Kieran in Huntsville, Alabama, wonders about the term laid an egg meaning performed badly. The expression to lay an egg goes back at least as far as cricket matches in the 1860s, where duck’s egg referred to a zero on a scoreboard. Later in the United States, the term goose egg denoted the same thing. The metaphor was extended to the notion of laying an egg, and not just any egg, but a rotten one, suggesting a performance was bad. This is part of a complete episode.
Transcript of “Lay an Egg Origins and Meaning”
Hi, you have A Way with Words.
Hi.
Hi.
Yeah, my name’s Kieran Byrne, and I’m calling from Huntsville, Alabama.
How can we help you today?
So I was playing a doubles match a couple weeks ago, and we went out on Saturday morning, and me and my doubles partner got creamed. His name’s Wunchak. So we’re walking off the court, and I said to him, because he played terrible, man, you really laid an egg. And he said, what does that mean? And I said, well, it means you were terrible. And he said, yeah, but, you know, where does that come from? So I’m kind of calling on behalf of One Shack and asking, where did that come from? So doubles tennis and a guy named One Shack.
So you told him that he really laid an egg when he performed poorly at tennis.
I did.
And did he achieve any score at all, or was it big fat zeros everywhere?
Well, he’s usually a really good player. I suspect the real reason he played so poorly on that day was he was a little bit hungover from Friday night. There’s a long history of some kind of egg being used to mean no score or poor performance in sports.
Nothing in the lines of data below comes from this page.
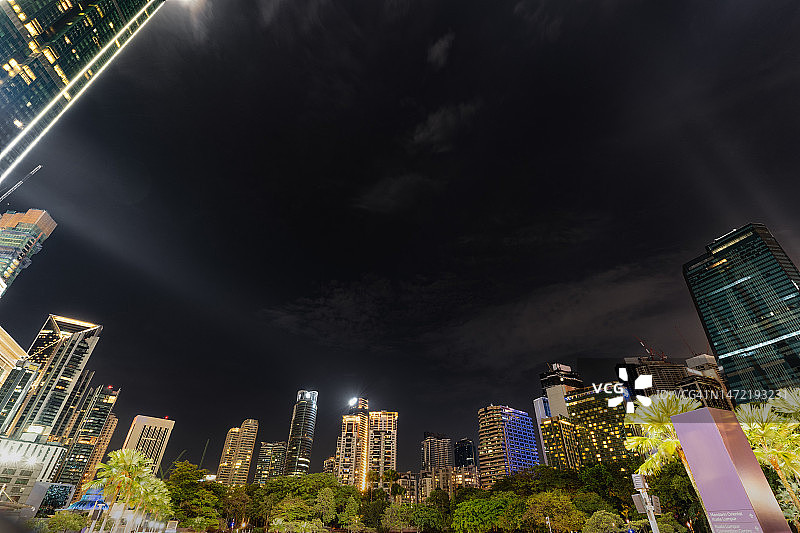 吉隆坡夜景：摩天大楼与树木图片素材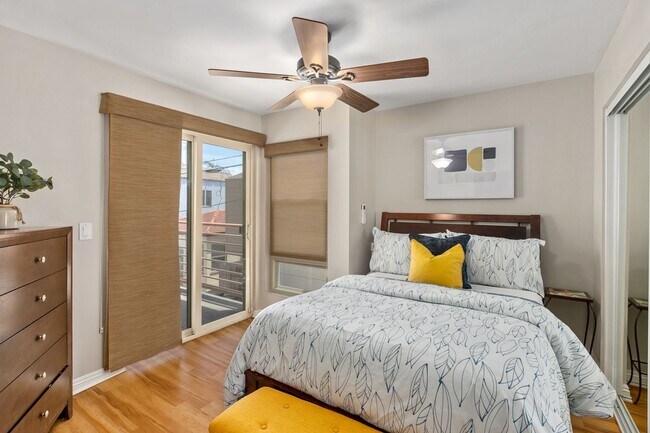 Building Photo - 3 bed 2.5  bath in the Heart of Mission Beach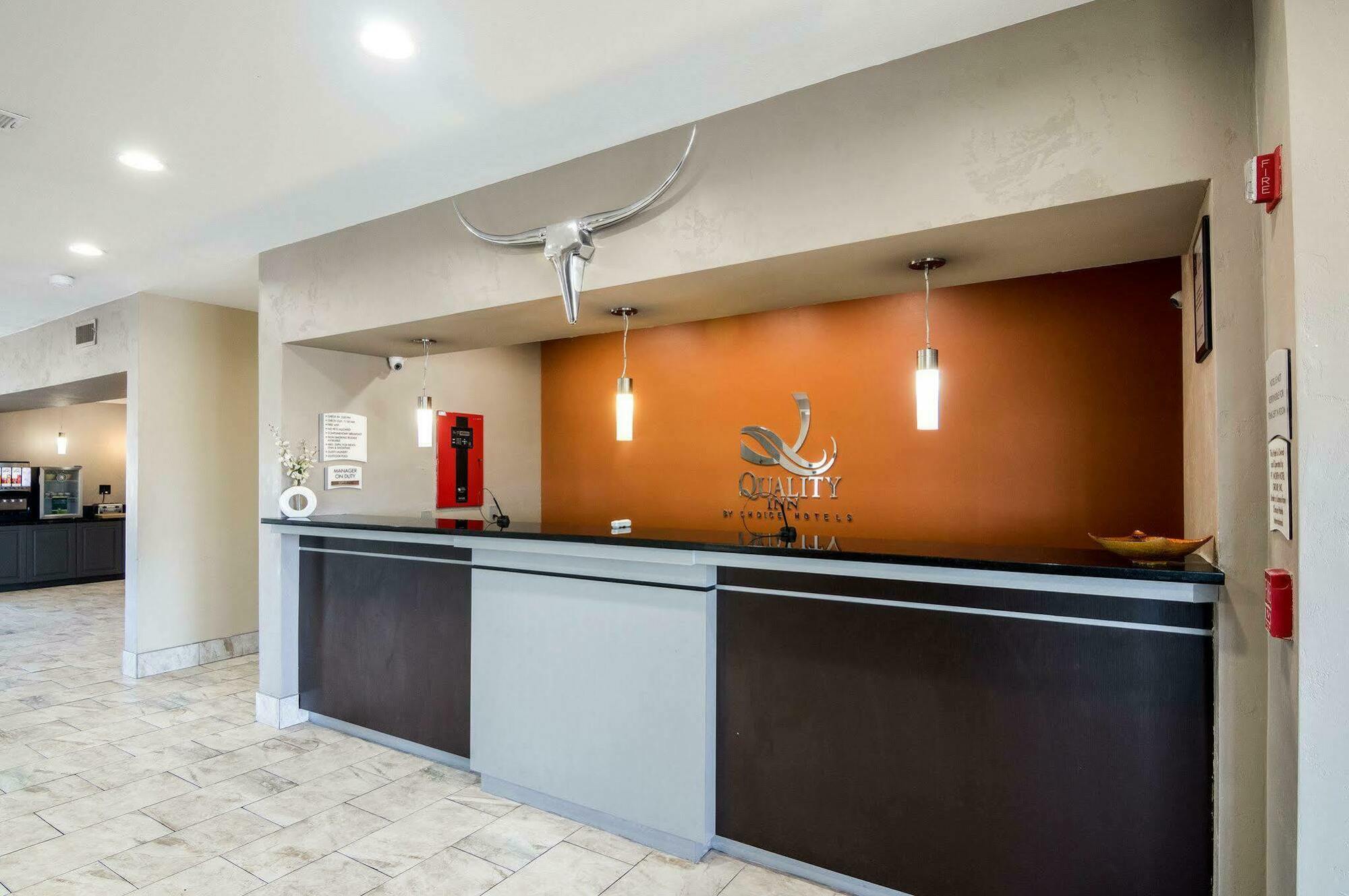 Quality Inn Ft. Worth North Форт Уорт Екстериор снимка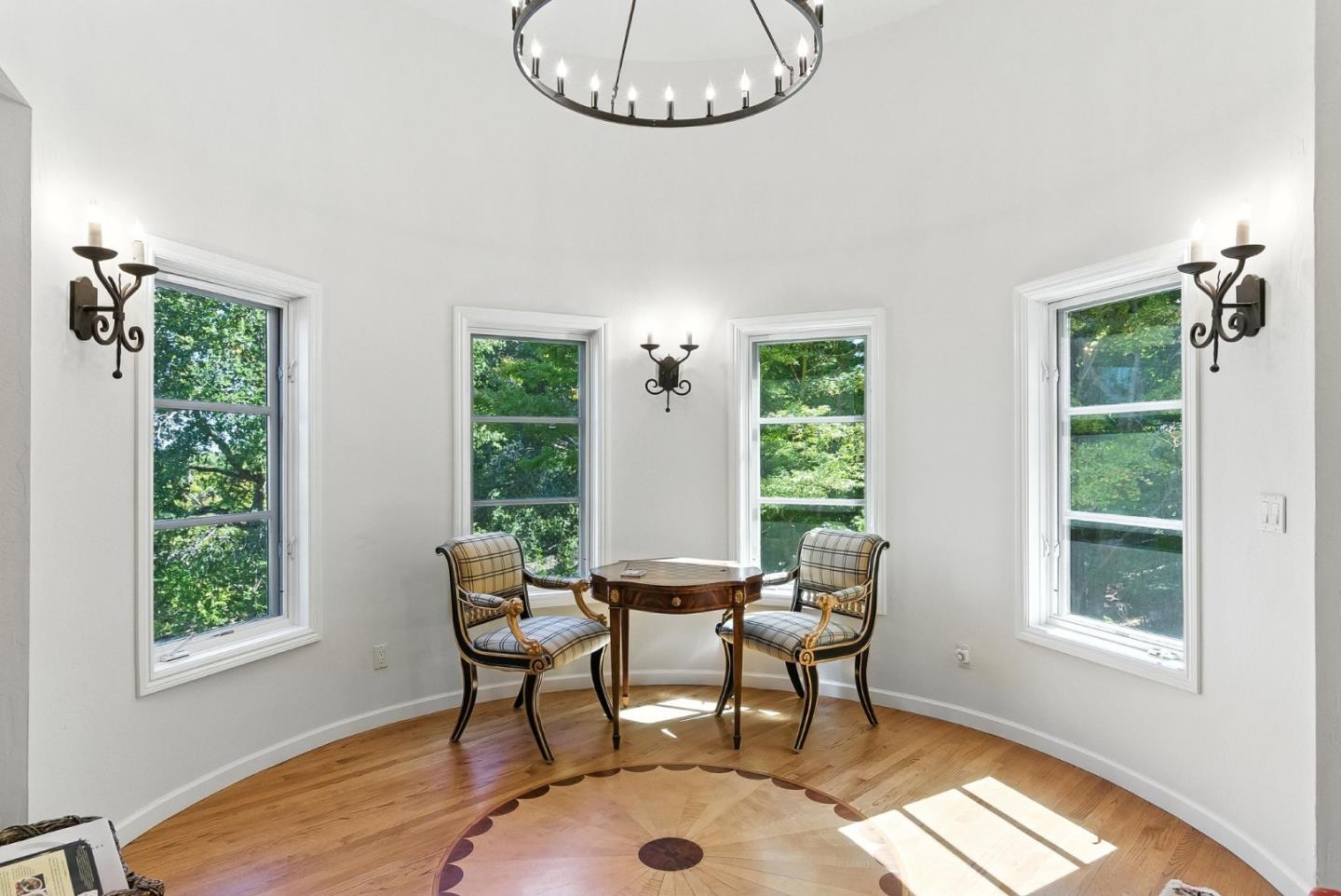 Detail Gallery Image 36 of 70 For 11510 Summit Wood Rd, Los Altos Hills,  CA 94022 - 5 Beds | 6 Baths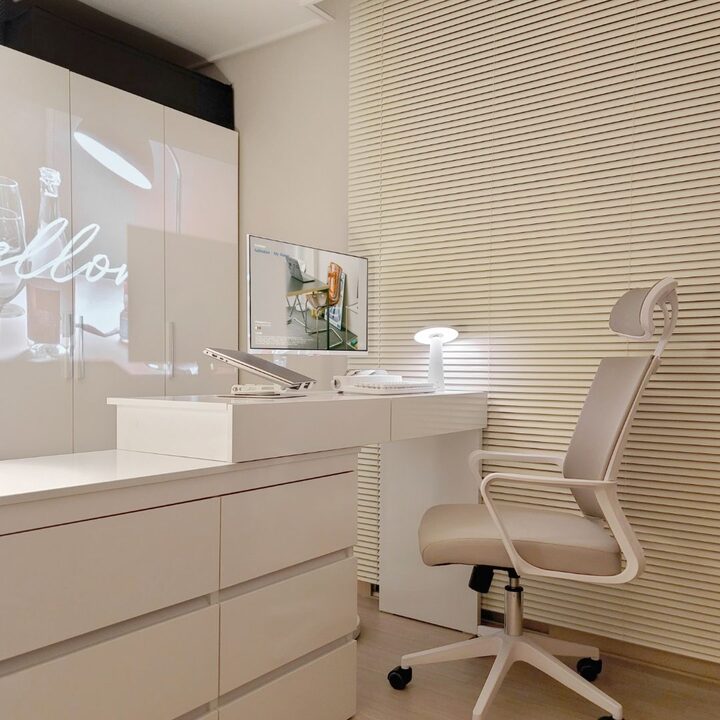 short form carousel card thumbnail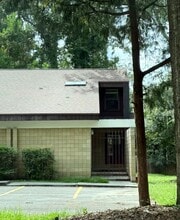 Building Photo - 4304 SW 70th Terrace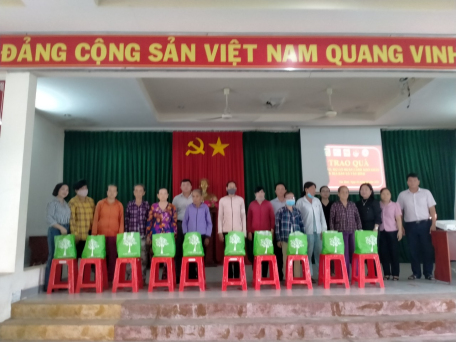 Ủy ban MTTQ Việt Nam xã Tân Binh tặng 40 phần quà cho người nghèo.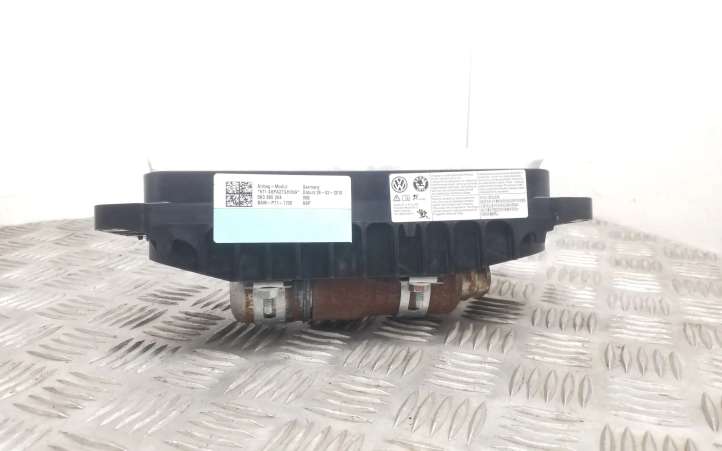 5K0880204 Volkswagen Tiguan Keleivio oro pagalvė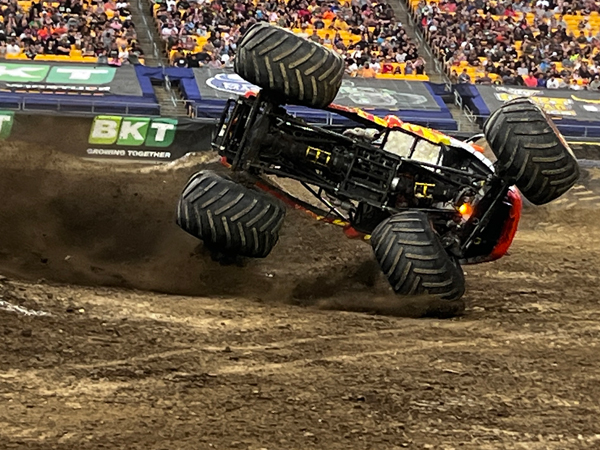 El Toro Loco Monster Truck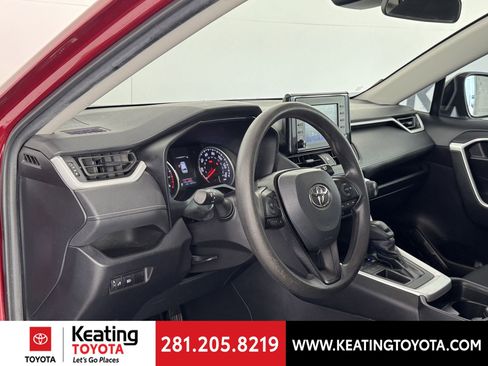 Certified 2021 Toyota RAV4 LE image 13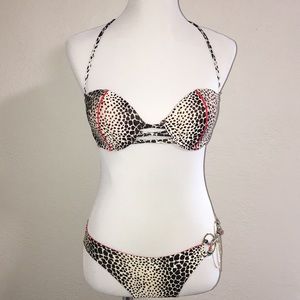 BEACH BUNNY BIKINI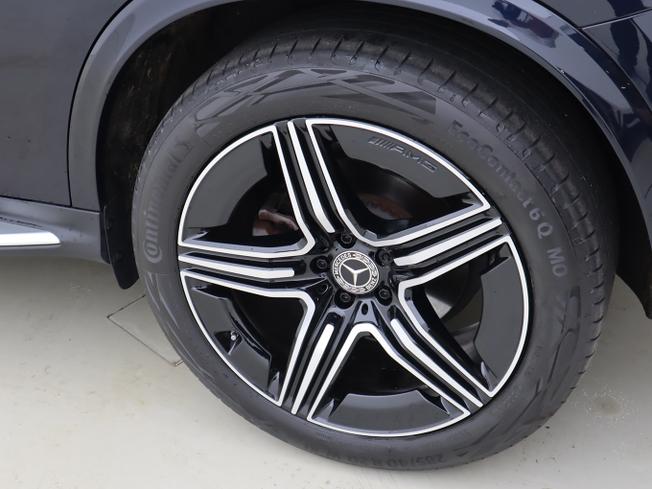 MERCEDES-BENZ Glc Photo 25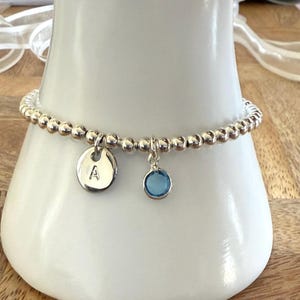 Pulsera de plata con inicial personalizada y piedra de nacimiento, pulsera elástica de plata, regalo para cumpleaños, amiga, madre o hermana, tienda del Reino Unido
And actually, the earliest use that I know of goes back to cricket in the 1860s, and they called it a duck’s egg. And because you might put these big, nice oval O’s up on the scoreboard that kind of were the shape and size of a duck’s egg. Over time, in the United States, it turned into a goose egg, but still meaning the same thing as zero. And somewhere along the way, there was a new tangent where we just talked about laying an egg, you know, extending the metaphor a little bit. We talked about laying an egg. And the understanding was the egg wasn’t just an egg, but it was a rotten egg. And so it transformed into not just no performance, but bad performance.
I like that better.
So your bad performance was not only did you lay an egg, which is unnatural for a human, but you laid a rotten egg. And we all know those stink and they emit sulfur smells and so forth.
That’s exactly what I was trying to convey to him.
Gotcha. Very, very good.
All right. Well, I’m glad to hear that. But it’s really common. Even now you will hear sports announcers in pretty much every sport that I’ve ever watched talking about posted an egg or scored an egg or had an egg in the result or something like that.
Oh, okay.
Yeah.
I will relay that to One Shack or Shaquan.
Okay.
We’ll give our best to One Shack, will you?
Thanks a lot.
All right.
Take care.
Joe, thanks for calling.
Bye-bye.
I guess we should head off at the pass, the bogus etymology about the word love in tennis.
Right.
Yes, it’s not from the French leuf, meaning egg, right?
Correct.
Yeah, as far as we know. We’re not really sure where it comes from, but it doesn’t seem likely.
Right.
No language authority that I know and respect gives credence to the French origin for love, meaning zero, and tennis.